There was a decrease in serious smoking cessation activity among U.S. adults during the COVID-19 pandemic, according to a study in JAMA Network Open. This decreased activity remained depressed for more than a year, indicating a need for health care workers to reengage smokers and assist them in quit attempts.
The study was conducted using 2011-2020 data on 788,008 individuals from the Behavioral Risk Factor Surveillance System survey who had smoked in the past year. Self-reported quit attempt were reported by current smokers who reported that they stopped smoking for more than 1 days during the past 12 months.

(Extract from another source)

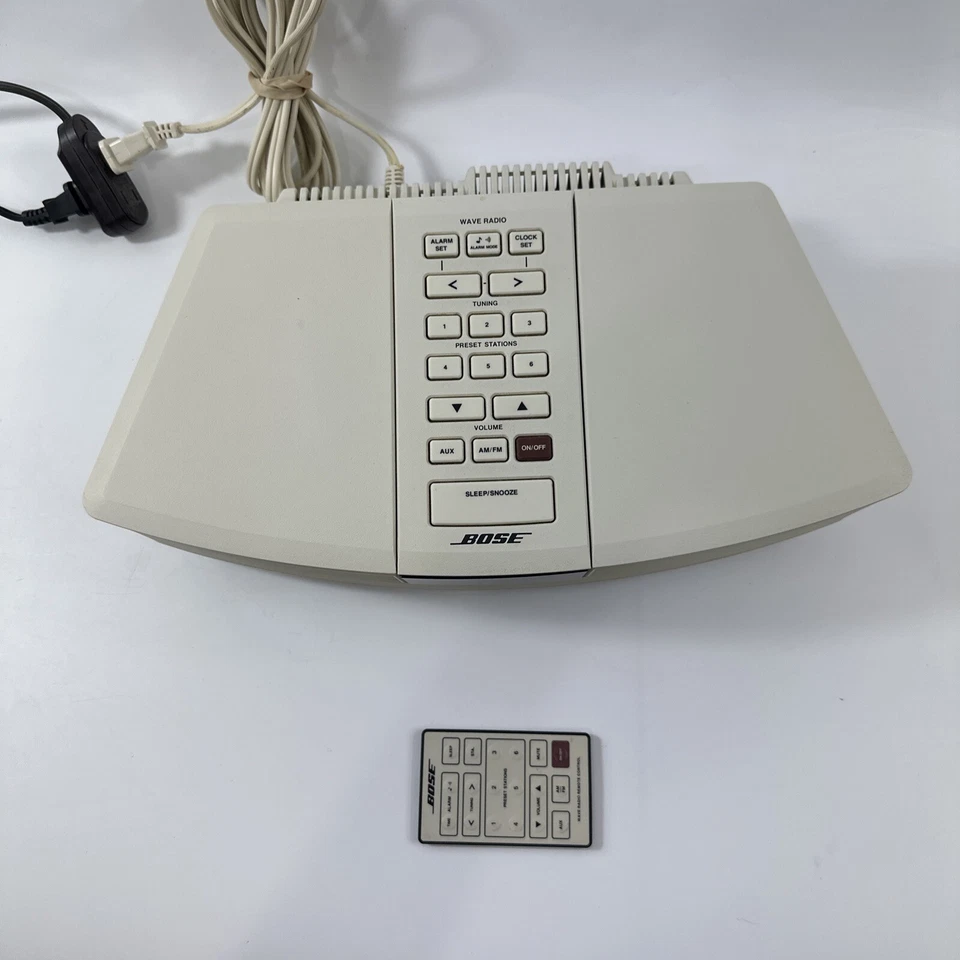 Bose Wave Radio Model AWR1-1W AM/FM Alarm Clock Stereo System W/ REMOTE - Image 4 of 4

For the first time since 2011, the annual past-year quit attempt prevalence decreased from 2019 to 2020 from 65.2% to 63.2%. The researchers noted that the largest relative decreases were among people aged 45 to 64 (61.4% to 57.7%), those with two or more comorbidities (67.1% vs. 63.0%), and Black individuals (72.5% vs. 68.4%).
“These findings suggest an immediate decrease in serious quitting activity among US smokers after the COVID-19 pandemic onset, a decrease that persisted throughout 2020,” the researchers wrote.
The researchers also looked at changes in sales volumes of nicotine gum, lozenge, and patch brands before and during the pandemic. The observed mean four-week nicotine replacement therapy (NRT) sales volume pre-pandemic was 105.6 million gum pieces, 51.9 million lozenges, and 2.0 million patches. Compared with what was expected, the observed sales during the pandemic were lower by 13.0% for lozenges, 6.4% for patches, and 1.2% for gum. The deficit in lozenges sales persisted the longest.
“NRT sales results suggest a continuation of this trend in 2021 quarter 1 but potentially a return to expected levels in 2021 quarter 2 based on NRT gum and patch sales,” the researchers wrote. “These findings are consistent with a report of a sustained decrease in cessation assistance calls to state quit lines from 2020 quarter 2 to 2021 quarter 1, followed by an increase in 2021 quarter 2.”
The researchers noted several limitations to the study, including the fact that NRT sales data is only a proxy for consumption, and the data did not include all states, online sales, or sales in health care settings.
They suggest that decreases in quit attempts may be due to COVID-19 related stress coping or health care disruptions that reduced access to cessation treatments.
Based on these results, there is an “urgent need to reengage smokers in evidence-based quitting strategies, especially among individuals experiencing disproportionately negative outcomes during the pandemic.”